Non-linear Stability Observation Using Magneto-Controlled Diffraction with Opto-Fluidics

We have developed a magneto-optical system which simulates the stability of fixed points and the trajectories of orbits present in dynamical systems. The question of stability is significant because a real-world system is constantly subject to small perturbations, and these orbits can be observed with a Ferrocell, a device using ferrofluid, which is a superparamagnetic fluid obtained with a kind of colloid containing surfactant coated nanometer ferromagnetic particles dispersed in a carrier liquid, and this device can be used in applications of optical effects.
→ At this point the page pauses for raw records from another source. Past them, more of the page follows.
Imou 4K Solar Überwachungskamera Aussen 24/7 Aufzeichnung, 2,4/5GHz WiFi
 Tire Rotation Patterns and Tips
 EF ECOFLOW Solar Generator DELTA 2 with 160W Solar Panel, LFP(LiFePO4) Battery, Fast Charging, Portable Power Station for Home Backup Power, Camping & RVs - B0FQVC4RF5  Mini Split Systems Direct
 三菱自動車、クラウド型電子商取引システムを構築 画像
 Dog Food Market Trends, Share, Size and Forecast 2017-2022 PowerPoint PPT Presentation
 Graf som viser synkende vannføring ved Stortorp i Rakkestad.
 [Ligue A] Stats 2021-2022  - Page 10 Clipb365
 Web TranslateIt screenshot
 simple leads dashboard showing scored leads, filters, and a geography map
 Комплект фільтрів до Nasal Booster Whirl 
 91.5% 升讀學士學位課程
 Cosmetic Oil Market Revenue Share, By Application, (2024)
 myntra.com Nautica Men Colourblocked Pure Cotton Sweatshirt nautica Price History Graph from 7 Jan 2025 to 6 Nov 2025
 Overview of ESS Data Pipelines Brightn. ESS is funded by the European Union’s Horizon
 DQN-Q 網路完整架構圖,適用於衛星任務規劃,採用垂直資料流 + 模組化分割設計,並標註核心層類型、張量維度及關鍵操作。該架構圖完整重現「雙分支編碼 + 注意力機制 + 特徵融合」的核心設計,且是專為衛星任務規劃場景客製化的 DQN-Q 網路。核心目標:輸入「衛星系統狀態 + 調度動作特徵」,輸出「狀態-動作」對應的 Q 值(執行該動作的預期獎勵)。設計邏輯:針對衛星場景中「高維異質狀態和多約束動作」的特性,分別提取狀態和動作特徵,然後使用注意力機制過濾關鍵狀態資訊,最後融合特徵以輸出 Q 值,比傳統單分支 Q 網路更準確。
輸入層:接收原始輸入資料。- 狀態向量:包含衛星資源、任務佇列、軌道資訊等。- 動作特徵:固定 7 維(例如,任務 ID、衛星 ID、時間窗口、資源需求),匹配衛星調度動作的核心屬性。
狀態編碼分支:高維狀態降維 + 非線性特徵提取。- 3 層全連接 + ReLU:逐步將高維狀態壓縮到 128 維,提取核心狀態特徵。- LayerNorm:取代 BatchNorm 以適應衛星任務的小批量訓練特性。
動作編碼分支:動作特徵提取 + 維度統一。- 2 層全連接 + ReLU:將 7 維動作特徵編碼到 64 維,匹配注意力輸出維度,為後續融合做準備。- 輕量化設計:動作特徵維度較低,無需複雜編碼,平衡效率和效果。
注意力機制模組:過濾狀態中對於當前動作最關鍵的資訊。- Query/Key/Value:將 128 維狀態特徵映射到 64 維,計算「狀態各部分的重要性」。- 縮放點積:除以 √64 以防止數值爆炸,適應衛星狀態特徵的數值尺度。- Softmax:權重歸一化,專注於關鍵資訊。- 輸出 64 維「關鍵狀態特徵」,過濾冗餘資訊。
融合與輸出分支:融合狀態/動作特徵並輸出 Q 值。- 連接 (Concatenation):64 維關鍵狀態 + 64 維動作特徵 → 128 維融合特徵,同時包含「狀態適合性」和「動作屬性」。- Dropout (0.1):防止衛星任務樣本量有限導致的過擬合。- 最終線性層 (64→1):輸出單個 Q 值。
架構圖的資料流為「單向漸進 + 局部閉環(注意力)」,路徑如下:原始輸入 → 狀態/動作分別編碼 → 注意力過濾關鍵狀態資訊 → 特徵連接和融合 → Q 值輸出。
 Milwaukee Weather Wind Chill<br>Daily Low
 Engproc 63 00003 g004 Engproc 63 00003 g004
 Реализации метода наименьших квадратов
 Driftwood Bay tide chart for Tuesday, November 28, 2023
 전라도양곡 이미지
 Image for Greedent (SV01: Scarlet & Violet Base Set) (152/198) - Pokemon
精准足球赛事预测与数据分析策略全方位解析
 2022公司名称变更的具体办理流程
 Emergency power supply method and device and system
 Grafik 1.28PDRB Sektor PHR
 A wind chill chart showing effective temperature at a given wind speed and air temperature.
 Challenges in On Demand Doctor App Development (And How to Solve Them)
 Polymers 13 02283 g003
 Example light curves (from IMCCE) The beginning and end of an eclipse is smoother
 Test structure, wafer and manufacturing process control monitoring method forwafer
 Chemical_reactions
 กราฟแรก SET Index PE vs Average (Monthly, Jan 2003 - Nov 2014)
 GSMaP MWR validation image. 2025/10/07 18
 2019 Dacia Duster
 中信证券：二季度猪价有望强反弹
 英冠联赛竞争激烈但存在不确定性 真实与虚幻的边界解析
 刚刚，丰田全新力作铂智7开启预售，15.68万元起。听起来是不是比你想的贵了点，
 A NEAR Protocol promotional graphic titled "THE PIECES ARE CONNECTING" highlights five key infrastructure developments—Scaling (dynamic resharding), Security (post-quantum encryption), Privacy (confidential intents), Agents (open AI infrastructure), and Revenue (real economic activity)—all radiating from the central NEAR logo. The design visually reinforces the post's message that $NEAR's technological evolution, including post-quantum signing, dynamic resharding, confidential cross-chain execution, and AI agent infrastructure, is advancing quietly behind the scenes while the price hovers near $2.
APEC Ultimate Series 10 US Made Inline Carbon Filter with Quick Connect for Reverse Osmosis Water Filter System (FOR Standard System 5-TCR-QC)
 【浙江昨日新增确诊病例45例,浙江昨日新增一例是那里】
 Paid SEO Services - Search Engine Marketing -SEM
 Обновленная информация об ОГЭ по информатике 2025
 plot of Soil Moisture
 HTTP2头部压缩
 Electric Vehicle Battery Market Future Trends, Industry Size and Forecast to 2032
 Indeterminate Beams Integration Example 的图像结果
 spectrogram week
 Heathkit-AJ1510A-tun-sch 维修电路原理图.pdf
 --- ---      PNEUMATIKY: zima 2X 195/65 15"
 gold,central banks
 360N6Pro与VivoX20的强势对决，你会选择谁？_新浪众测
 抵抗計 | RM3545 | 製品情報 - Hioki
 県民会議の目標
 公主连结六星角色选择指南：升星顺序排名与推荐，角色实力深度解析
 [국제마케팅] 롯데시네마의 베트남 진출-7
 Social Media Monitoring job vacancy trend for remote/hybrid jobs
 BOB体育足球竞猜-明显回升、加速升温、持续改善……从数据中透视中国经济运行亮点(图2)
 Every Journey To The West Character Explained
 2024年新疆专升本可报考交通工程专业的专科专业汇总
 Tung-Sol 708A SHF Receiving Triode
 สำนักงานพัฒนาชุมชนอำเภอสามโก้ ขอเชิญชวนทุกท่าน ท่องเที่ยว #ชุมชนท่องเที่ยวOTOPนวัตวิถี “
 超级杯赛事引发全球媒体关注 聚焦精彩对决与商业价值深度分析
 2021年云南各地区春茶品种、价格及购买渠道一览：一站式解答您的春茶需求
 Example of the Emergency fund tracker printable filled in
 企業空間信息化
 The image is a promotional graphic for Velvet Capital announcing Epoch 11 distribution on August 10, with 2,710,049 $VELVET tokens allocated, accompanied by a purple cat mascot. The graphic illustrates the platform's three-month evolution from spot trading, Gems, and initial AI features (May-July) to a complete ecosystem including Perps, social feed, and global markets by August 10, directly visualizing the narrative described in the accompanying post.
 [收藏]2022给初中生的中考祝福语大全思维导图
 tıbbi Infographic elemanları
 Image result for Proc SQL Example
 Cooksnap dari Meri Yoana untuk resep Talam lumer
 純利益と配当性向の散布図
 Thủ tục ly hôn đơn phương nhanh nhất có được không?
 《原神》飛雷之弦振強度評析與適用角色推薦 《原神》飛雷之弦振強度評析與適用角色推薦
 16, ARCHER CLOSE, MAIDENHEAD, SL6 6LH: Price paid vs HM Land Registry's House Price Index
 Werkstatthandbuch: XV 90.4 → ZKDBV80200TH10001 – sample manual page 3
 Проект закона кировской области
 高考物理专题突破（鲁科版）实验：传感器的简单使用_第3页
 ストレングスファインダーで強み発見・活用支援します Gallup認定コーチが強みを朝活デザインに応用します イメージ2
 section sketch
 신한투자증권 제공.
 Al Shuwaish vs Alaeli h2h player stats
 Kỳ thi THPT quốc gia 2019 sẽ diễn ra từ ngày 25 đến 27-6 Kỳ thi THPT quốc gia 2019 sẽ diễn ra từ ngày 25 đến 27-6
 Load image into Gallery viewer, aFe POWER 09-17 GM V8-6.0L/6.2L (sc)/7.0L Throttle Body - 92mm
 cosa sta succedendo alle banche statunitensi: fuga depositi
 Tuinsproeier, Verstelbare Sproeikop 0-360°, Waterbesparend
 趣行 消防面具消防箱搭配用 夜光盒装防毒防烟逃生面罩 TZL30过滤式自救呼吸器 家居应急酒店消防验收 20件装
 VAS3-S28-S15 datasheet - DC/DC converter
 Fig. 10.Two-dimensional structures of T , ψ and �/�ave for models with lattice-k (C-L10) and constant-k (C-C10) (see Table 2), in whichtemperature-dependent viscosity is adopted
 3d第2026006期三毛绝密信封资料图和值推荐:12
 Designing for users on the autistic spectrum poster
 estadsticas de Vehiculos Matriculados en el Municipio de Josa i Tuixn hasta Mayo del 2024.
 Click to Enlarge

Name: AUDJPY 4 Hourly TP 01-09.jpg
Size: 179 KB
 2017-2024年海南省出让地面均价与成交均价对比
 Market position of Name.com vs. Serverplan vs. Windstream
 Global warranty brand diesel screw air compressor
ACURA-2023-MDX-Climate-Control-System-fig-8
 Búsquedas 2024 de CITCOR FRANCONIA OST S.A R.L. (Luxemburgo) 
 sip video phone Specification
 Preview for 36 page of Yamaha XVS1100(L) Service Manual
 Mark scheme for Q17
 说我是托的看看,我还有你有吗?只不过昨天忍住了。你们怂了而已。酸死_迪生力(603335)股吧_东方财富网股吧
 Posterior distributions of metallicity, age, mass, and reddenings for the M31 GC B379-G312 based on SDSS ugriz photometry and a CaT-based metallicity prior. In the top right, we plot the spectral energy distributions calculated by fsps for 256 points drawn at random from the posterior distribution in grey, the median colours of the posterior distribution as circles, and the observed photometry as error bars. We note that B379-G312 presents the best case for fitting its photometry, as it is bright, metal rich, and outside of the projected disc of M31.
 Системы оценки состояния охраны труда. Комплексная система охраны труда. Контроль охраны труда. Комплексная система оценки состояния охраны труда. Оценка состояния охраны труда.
Our magneto-optical system is based in a Hele-Shaw cell containing ferrofluid, illuminated with an external light source, such as LED. By injecting a light propagating along the in-plane direction of the liquid film, the orbits can be observed, in a way that we can bend the light. The trajectories of the orbits are obtained by the diffracted light, which consists of light patterns, and these light patterns are related to Faraday effect, linear dichroism, and linear birefringence. The diffraction pattern is different from that produced by a wire because there are no fringes in these light patterns, and the absence of well-defined spacing between the fringes indicates the existence of multiple diffraction. Under certain circumstances, these light patterns can have the same properties of the force lines of magnetic fields. The main idea of this work is to propose a device applied to non-linear systems, based on magneto-photonics. We present the patterns obtained for different magnetic fields simulating dynamical systems.